The self-support capacity is a funding strategy that uses no CSU General Fund dollars—in other words, no state funding. Each self-support offering must pay for itself through the revenue it generates. That revenue must cover the reimbursement of any state-funded units on campus that provide services to that campus’s self-support offerings; all operating costs for the program services; and other administration costs, including an overhead charge (called a pro rata share) from the CSU Chancellor’s Office assessed against the total self-support revenue of each campus each year.
Since self-support programs must pay all of their own costs, they have to charge higher tuitions than state-funded programs. Given that responsibility, one might expect CSU self-support credit programs to charge about twice as much as state-funded programs. Yet they currently average only about 50% higher. At the same time, CSU self-support programs are generally priced significantly below those of the major private and for-profit providers in California.
CSU’s self-support programs thus have a dual advantage: not only can they respond to the educational needs that are the focus of private and for-profit institutions, but they also offer a more affordable option – one that reflects the academic quality and scope of the CSU.

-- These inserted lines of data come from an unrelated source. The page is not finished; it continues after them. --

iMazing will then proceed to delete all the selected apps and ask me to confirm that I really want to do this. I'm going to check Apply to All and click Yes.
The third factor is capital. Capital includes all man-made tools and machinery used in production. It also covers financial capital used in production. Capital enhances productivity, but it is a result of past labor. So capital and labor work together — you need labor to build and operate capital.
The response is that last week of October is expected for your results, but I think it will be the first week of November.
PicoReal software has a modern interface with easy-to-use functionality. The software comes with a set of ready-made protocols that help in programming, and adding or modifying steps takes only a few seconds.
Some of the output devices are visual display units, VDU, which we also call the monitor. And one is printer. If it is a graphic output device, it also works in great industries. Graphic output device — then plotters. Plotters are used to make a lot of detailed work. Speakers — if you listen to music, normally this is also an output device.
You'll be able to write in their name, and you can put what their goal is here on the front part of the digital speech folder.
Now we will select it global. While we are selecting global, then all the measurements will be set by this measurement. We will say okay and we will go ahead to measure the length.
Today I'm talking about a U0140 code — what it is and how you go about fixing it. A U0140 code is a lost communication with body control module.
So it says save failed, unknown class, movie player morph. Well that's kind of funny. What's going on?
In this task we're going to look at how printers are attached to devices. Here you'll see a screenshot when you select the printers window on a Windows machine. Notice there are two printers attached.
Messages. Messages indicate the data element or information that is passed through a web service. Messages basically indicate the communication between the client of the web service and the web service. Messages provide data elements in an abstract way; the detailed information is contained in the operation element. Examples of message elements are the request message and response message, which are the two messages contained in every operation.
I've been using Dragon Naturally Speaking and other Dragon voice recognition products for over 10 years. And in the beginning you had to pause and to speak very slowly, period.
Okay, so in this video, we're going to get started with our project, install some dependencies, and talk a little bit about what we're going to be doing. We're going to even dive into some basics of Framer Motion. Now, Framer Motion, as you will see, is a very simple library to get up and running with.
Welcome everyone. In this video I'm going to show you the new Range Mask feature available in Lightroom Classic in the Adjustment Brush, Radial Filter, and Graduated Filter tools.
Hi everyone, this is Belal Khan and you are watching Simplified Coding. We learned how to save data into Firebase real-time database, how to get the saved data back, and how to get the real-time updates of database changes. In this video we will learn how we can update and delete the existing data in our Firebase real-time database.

Self-support programs are governed by most of a campus’s financial and major administrative policies and practices. These include but are not limited to the following:
Budgeting and pricing self-support programs: Budgets for each program and service are based on the cost of providing that program or service. These costs include instruction, administration, marketing, delivery mode (online production and technical support and/or off-site facilities rental, faculty travel costs, etc.), academic oversight and administration for the academic department/college, and campus and Chancellor’s Office overhead.